(Supplied records Opens)

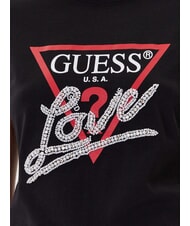 GUESS PEARLS LOVE TRIANGLE T-Shirt mit Print und Applikationen jetbla - T-Shirts und Tops für Damen - 3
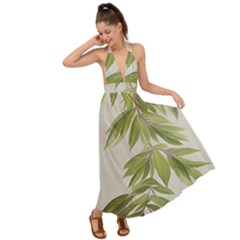 Watercolor Leaves Branch Nature Plant Growing Still Life Botanical Study Backless Maxi Beach Dress by Posterlux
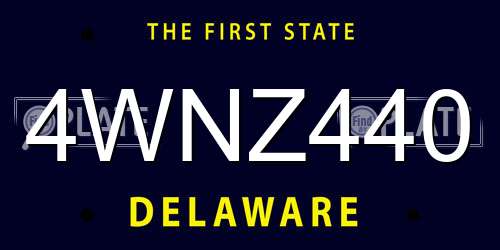 4WNZ440 Delaware License Plate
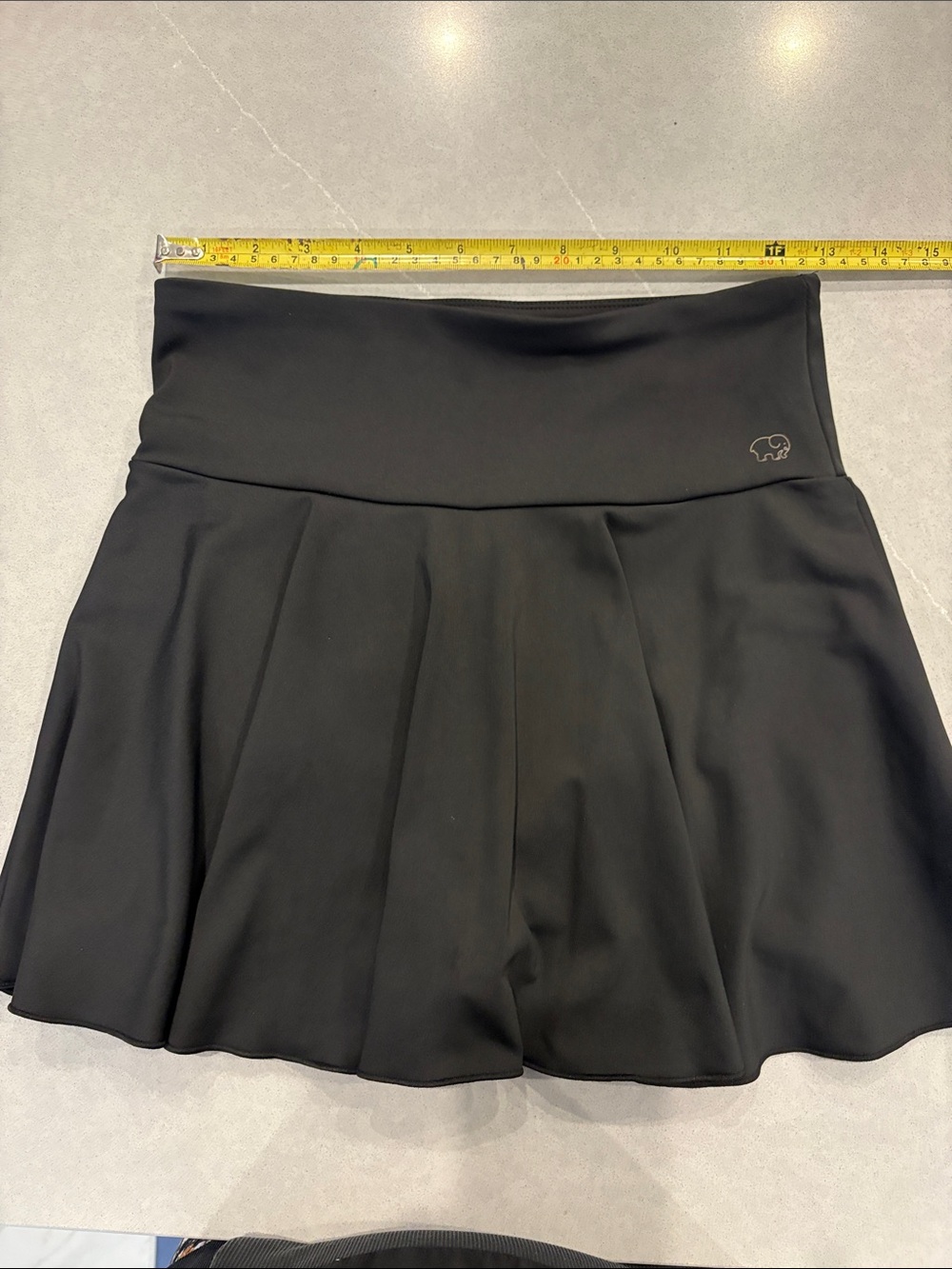 ivory ella Black Flared Skater Skirt with Elephant Logo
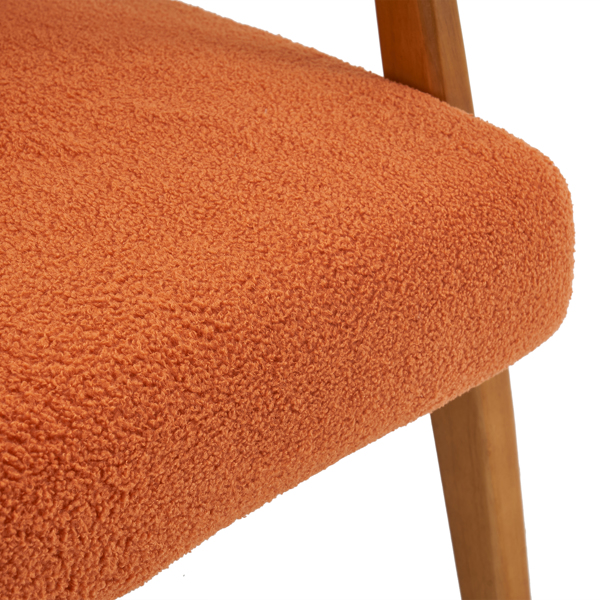  实木扶手  软包 泰迪绒 烧橙色 室内休闲椅 N201-26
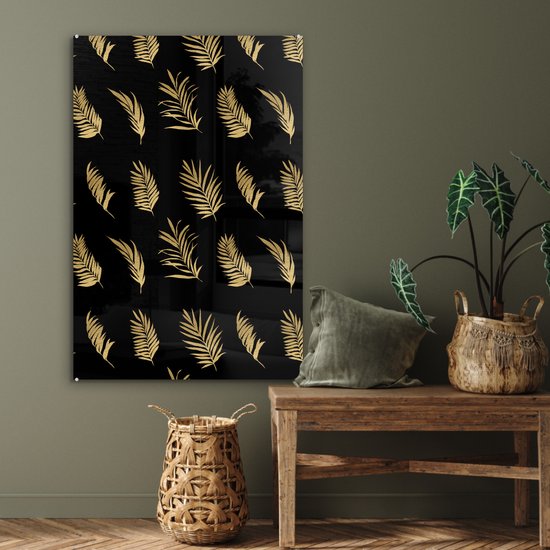 Peintures sur verre - Tropical - Or - Feuille - 60x90 cm - Peintures Plexiglas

(Supplied records Closes)

**Task details**
Pictures are to be dropped, and the remaining data set down exactly.

**Task solution**
 GUESS PEARLS LOVE TRIANGLE T-Shirt mit Print und Applikationen jetbla - T-Shirts und Tops für Damen - 3
 Watercolor Leaves Branch Nature Plant Growing Still Life Botanical Study Backless Maxi Beach Dress by Posterlux
 4WNZ440 Delaware License Plate
 ivory ella Black Flared Skater Skirt with Elephant Logo
  实木扶手  软包 泰迪绒 烧橙色 室内休闲椅 N201-26
 Peintures sur verre - Tropical - Or - Feuille - 60x90 cm - Peintures Plexiglas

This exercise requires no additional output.